No one could invent Quartzsite, Ariz. It’s a mile or so beyond imagining.

Picture a forlorn desert town of about 3,500 souls, a crossroads of trailers, dust, wind and a heartless summer sun blazing down at 110 degrees. With just a handful of tall trees, the only shade is under your hat. Now fast-forward past the cruel season into November and December, and watch as this southwest Arizona community--at the junction of Highway 95 and Interstate 10, 130 miles west of Phoenix--transforms into a temporary Shangri-La for retirees fleeing the northern cold. Most come in giant RVs to claim a spot at one of 73 RV parks or one of the sprawling Bureau of Land Management campgrounds. And what a sight these motorized Conestogas make, thousands and thousands of them sparkling in the sun for as far as you can see.

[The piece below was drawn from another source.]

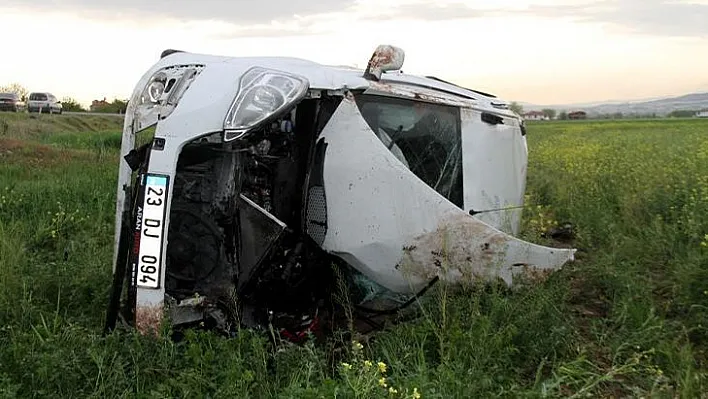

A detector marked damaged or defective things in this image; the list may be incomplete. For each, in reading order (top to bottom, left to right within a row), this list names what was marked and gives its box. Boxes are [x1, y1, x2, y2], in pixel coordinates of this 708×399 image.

“Following the Weather Channel is everybody’s favorite hobby,” says Steve Hardies of Hardies Beads & Jewelry, a Main Street business. “When snow starts flying up north, we know they’ll be here soon.”

Suddenly, or so it seems, Quartzsite--on the brink of extinction just a few decades ago--has become the place to be, hip if you liked Ike, a kind of blue-collar Palm Springs with American flags flying everywhere and seniors hitting the bustling swap meets and dancing past 9 p.m. to the country songs of Conway Twitty and Dottie West. Their median age is 66.5.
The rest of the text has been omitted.